Exercise description: Extract the lines from the first line of the records below through the line containing "Vintage Disney Mickey", inclusive, and reproduce them exactly as written.

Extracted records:
-- -- --
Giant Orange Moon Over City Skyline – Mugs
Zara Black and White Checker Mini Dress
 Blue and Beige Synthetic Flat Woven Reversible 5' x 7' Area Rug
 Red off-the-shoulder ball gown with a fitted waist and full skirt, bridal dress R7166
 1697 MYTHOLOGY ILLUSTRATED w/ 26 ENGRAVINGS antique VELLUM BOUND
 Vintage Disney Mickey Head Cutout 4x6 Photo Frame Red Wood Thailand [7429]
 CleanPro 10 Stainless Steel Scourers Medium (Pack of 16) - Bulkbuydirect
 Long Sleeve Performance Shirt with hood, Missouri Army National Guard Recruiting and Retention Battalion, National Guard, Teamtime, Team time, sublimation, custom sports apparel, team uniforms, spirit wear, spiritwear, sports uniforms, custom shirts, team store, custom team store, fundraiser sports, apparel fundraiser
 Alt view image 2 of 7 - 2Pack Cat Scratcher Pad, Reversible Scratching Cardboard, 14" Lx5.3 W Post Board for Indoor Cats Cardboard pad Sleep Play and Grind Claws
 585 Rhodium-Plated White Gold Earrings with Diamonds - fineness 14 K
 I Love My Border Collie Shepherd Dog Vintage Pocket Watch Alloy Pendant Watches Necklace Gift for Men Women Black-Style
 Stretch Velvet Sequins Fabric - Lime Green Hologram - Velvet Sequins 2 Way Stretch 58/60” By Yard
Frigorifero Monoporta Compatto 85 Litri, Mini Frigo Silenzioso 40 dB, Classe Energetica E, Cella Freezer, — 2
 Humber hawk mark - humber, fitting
-- -- --
Exercise result:
Giant Orange Moon Over City Skyline – Mugs
Zara Black and White Checker Mini Dress
 Blue and Beige Synthetic Flat Woven Reversible 5' x 7' Area Rug
 Red off-the-shoulder ball gown with a fitted waist and full skirt, bridal dress R7166
 1697 MYTHOLOGY ILLUSTRATED w/ 26 ENGRAVINGS antique VELLUM BOUND
 Vintage Disney Mickey Head Cutout 4x6 Photo Frame Red Wood Thailand [7429]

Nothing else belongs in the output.